Work order.
Skip pictures in the listing below; copy exactly the lines from the one with "Pics from our" through the one with "Ülkü Ocakları’ndan sokak", inclusive.
[Extracted records]
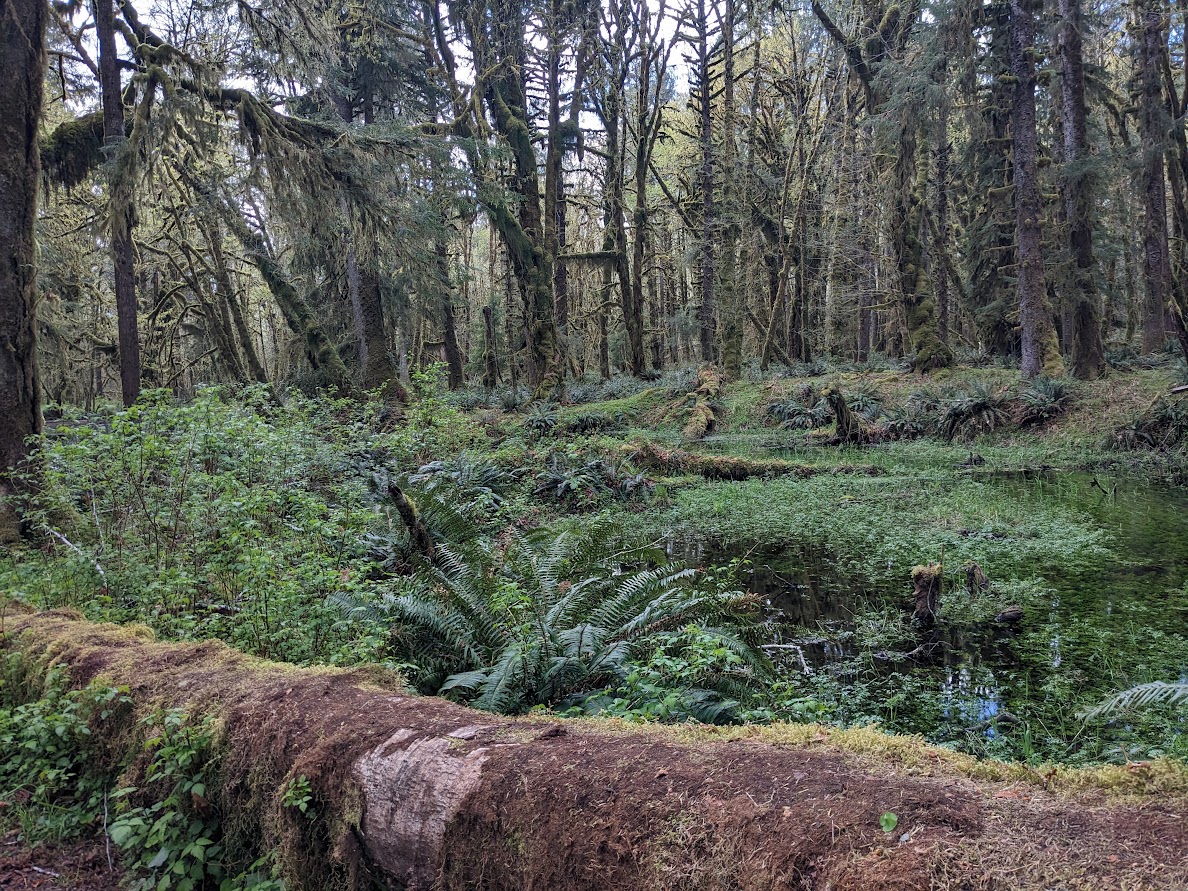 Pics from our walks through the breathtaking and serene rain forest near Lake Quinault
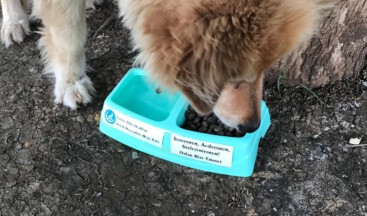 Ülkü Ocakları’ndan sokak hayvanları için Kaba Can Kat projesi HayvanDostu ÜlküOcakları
[/Extracted records]
[Extracted records]
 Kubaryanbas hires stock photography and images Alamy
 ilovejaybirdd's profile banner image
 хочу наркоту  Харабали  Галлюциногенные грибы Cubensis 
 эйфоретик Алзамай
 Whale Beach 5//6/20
[/Extracted records]
The completed task.
 Pics from our walks through the breathtaking and serene rain forest near Lake Quinault
 Ülkü Ocakları’ndan sokak hayvanları için Kaba Can Kat projesi HayvanDostu ÜlküOcakları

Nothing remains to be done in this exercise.